Hello.
Is there further information/documentation about the scope of the data structures (icl_hash (for task and address lookup), bsd_tree (for FIFO and LIFO queues), icl_list, quark) than the actual code at Quark ?
More detail than some of the current working notes that does not include the hashing nor other implementations (trees, queues) would be appreciated.
I have modified the matmul example to call DGEMM from BLAS under ACML (single threaded) and I was able to achieve slightly better performance (83%) than the multithreaded version of ACML (80%) on our latest AMD processors (Interlagos and Abudhabi). I believe though I can get more performance (~90%) out of quark if I understand better the tuning parameters such as sliding window and locality + work stealing.

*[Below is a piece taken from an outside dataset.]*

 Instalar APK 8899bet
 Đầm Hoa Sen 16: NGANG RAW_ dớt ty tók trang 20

One comment that catched my attention on the documentation is that it was recommended to use "numactl --interleave=all ./executable".

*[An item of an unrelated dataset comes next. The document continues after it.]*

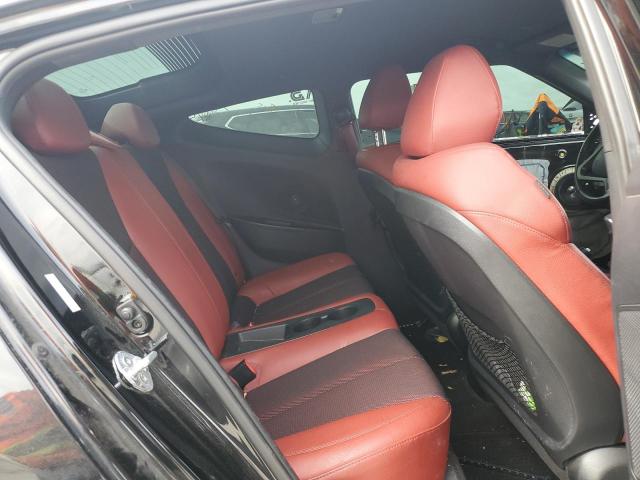 Photo 10 from auction – 2016 HYUNDAI VELOSTER T with VIN KMHTC6AEXGU250538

This makes no sense if you are really trying to leverage locality on a NUMA system. All the theory of work stealing but not stealing tasks that would incur into remote memory accesses goes away if you run threads under a system with interleaved memory configuration.
If you run something like DGEMM kernels, definitely, it does not make a big difference to run in interleaved but if you run L[1,2] BLAS kernels, then you raise the level of memory bandwidth requirements so you start being penalized by interleaved configurations.
I want to be able to understand how it is implemented in Quark the work stealing that is cache hierarchy aware.
It should be for instance doable to apply work stealing with not only locality policies but also power policies.
Thanks,
Joshua